Stress tends to reduce our immune system’s ability to function properly, so that higher stress generally leads to greater incidence of physical illness.

Stress and AIDS

Africa is ground zero for AIDS In Lesotho, Uganda, and elsewhere, prevention efforts have included the “ABC” Campaign—Abstinence, Be faithful, and use Condoms.

We know that stress suppresses immune system functioning. What does this mean for people with AIDS (acquired immune deficiency syndrome)? As its name tells us, AIDS is an immune disorder, caused by the human immunodeficiency virus (HIV). Although AIDS-related deaths have decreased 29 percent since 2001, AIDS remains the world’s sixth leading cause of death and Africa’s number one killer (UNAIDS, 2013; WHO, 2013).
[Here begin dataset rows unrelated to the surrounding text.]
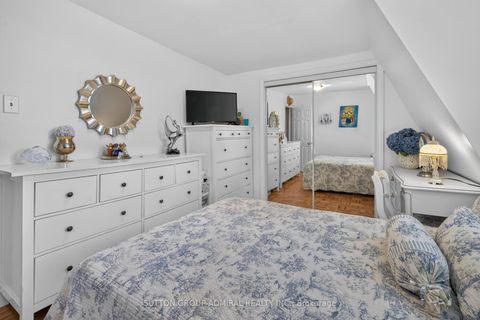 Photo 13 at 320 Weston Road, Junction Area, Toronto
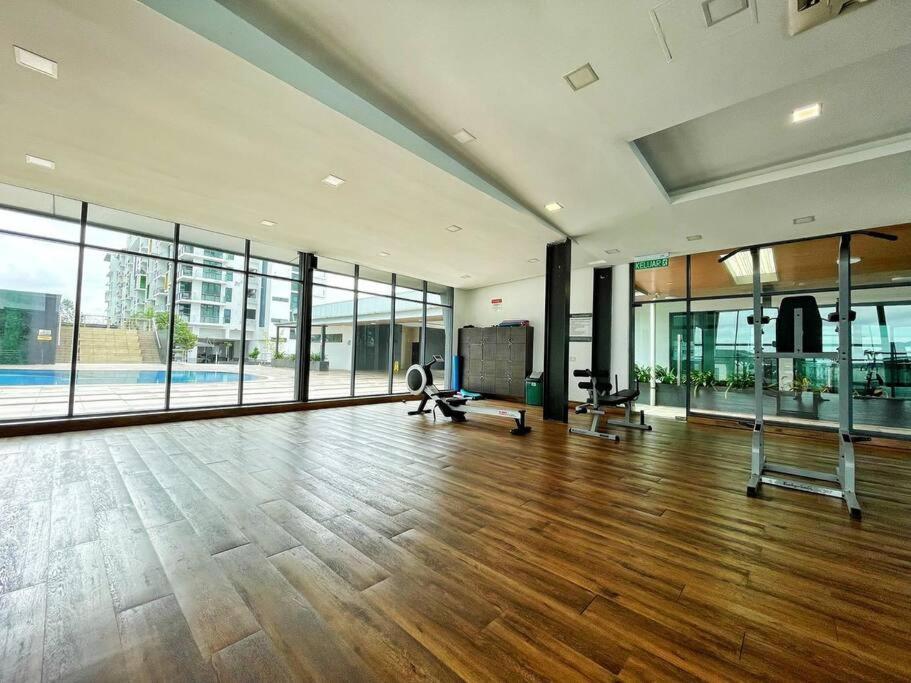 Teo Resident 2 Vivacity Jazz Suite 4 Kuching Extérieur photo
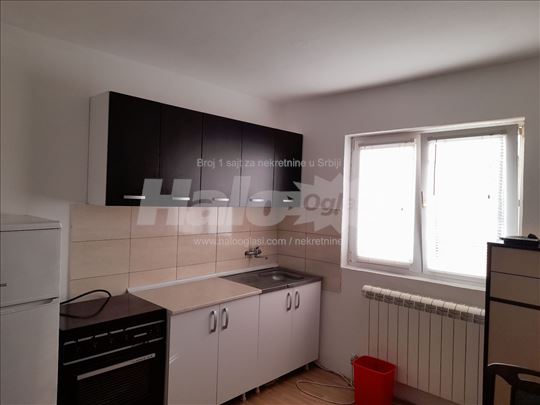 Izdajem stan 40 m2 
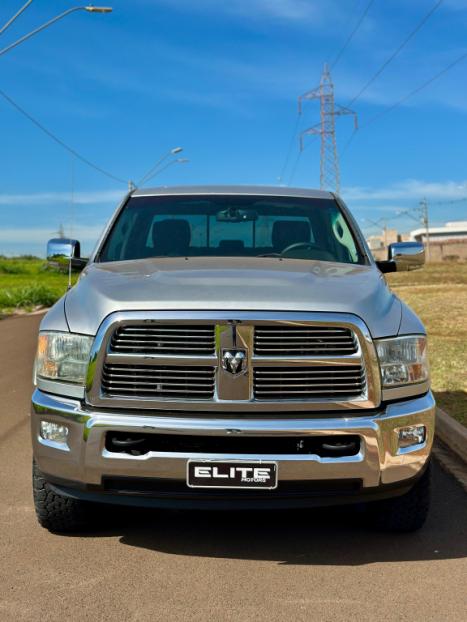 RAM 2500 6.7 I6 24V SLT CABINE DUPLA TURBO DIESEL LARAMIE 4X4 AUTOMTICO, Foto 1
Ironically, if a disease is spread by human contact (as AIDS is, through the exchange of bodily fluids, primarily semen and blood), and if it kills slowly (as AIDS does), it can be lethal to more people. Those who acquire HIV often spread it in the highly contagious first few weeks before they know they are infected. Worldwide, some 2.3 million people—slightly more than half of them women—became infected with HIV in 2012, often without their awareness (UNAIDS, 2013). Years after the initial infection, when AIDS appears, people have difficulty fighting off other diseases, such as pneumonia.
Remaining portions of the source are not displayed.